Lawmakers on the environmental committee of the European Parliament have voted on a set of reforms to the EU’s monitoring, reporting and verification regulation, which dictates rules for collection of fuel and emissions data from ships calling at the bloc's ports.
Under the reforms, maritime should become part of the EU Emissions Trading System, the bloc’s tool for capping permitted carbon emissions and allows for trading of allowances.
Shipping could also face binding targets to cut ships’ annual average carbon intensity by at least 40% by 2030 compared with a baseline year yet to be decided.
Lawmakers on the environmental committee agreed that it should be the European Commission that decides the exact baseline, based on both the monitoring, reporting and verification regulation database and the International Maritime Organization’s global data collection system.
The parliament's full legislative assembly will vote in September on whether to approve the rules that would impose the world’s first major legally binding greenhouse gas emissions requirements on ships and force shipowners to pay for excess emissions in the EU.

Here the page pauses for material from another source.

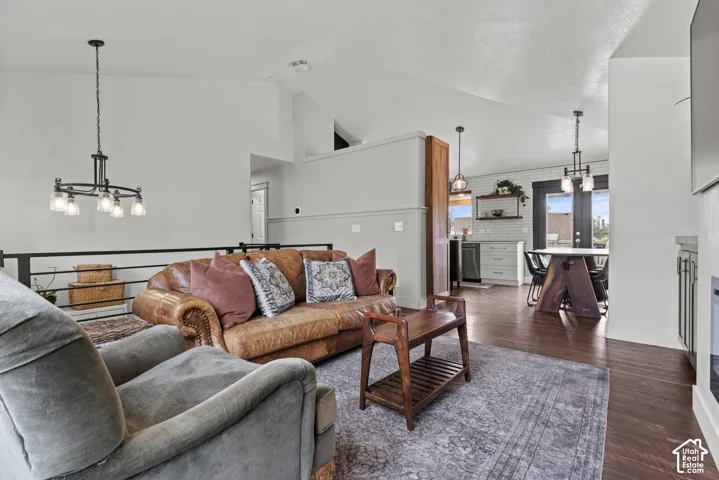 Open-concept living area featuring vaulted ceilings, dark wood-finish flooring, and a modern black metal railing
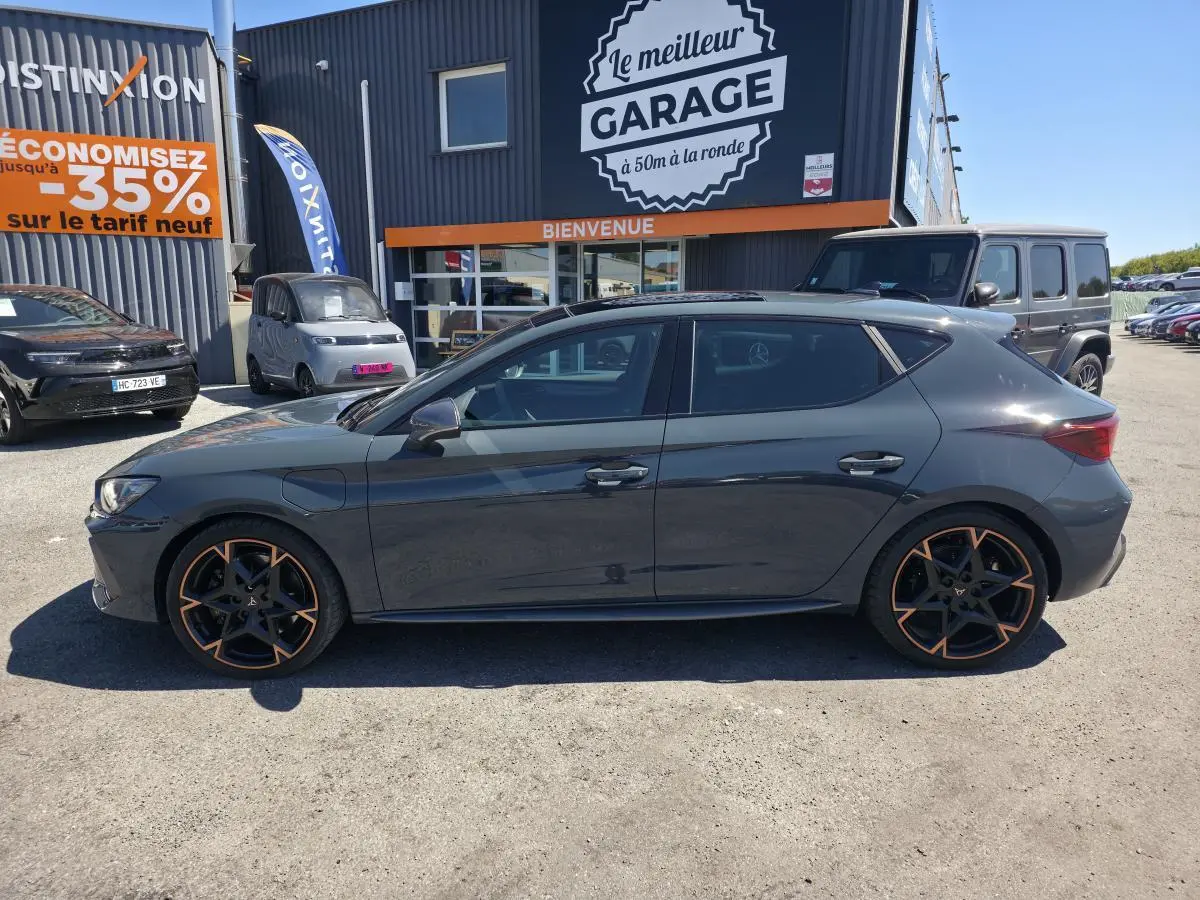Vue de profil droit d'une CUPRA Leon 1.5 e-Hybrid bleu foncé avec jantes alliage 19'' cuivrées, vitres arrière surteintées.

Based on current data, the rules would affect around 11,000 vessels.
If the parliament approves, it will begin negotiations with EU member states to agree on a final text.
Under the proposed reform, companies would also be obliged to report on their methane emissions, a greenhouse gas that is particularly relevant for liquefied natural gas-fuelled ships.
MEPs also agreed to establish an Ocean Fund to be financed by auctioning allowances under the ETS.
Its main purpose would be to make “ships more energy efficient and to support investment in innovative technologies and infrastructure, such as alternative fuel and green ports, to decarbonise the maritime transport sector”.
Additionally, 20% of the revenues will contribute to protecting, restoring and efficiently managing marine ecosystems affected by global warming.
Ships calling at EU ports are also expected to emit no GHGs by 2030 when at berth.
Transport & Environment, a Brussels-based NGO that has been a staunch supporter of shipping’s inclusion in the ETS, said that the European Commission should follow through on the new proposal.
“MEPs have delivered a wake-up call to the European Commission, which has focused too much on biofuels and hardly at all on making shipping pay for its pollution,” T&E shipping manager Faig Abbasov said in a statement.
Shipping companies are not yet included in the EU emissions trading system, which obliges factories, power plants and airlines to pay for their pollution. The EU executive plans to add them in 2021 to bring the industry into line with the bloc's efforts to cut greenhouse gases.